AIM OF THE TASK: Repeat the listing exactly. The images do not belong in the copy.

GIVEN DATA:
_____
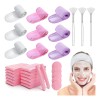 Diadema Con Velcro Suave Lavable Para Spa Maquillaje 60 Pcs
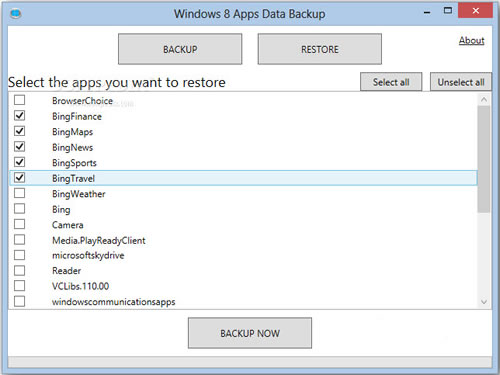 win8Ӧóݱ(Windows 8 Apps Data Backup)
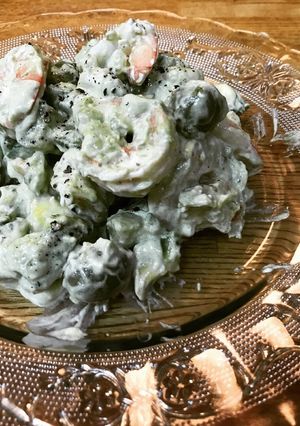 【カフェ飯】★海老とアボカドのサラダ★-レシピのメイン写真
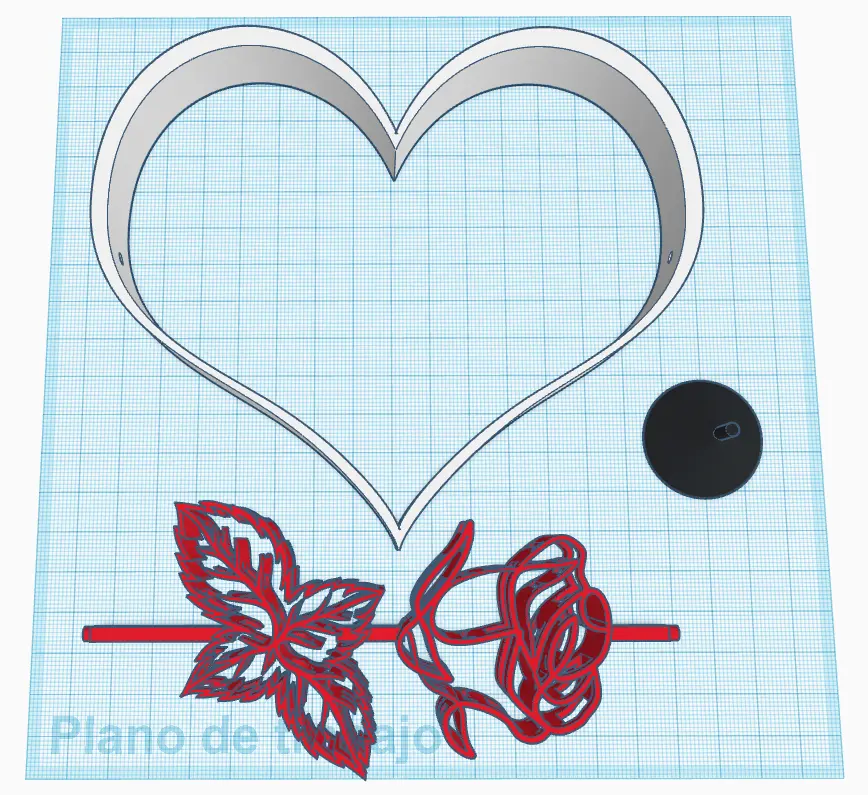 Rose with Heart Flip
_____
WRITTEN SOLUTION:
 Diadema Con Velcro Suave Lavable Para Spa Maquillaje 60 Pcs
 win8Ӧóݱ(Windows 8 Apps Data Backup)
 【カフェ飯】★海老とアボカドのサラダ★-レシピのメイン写真
 Rose with Heart Flip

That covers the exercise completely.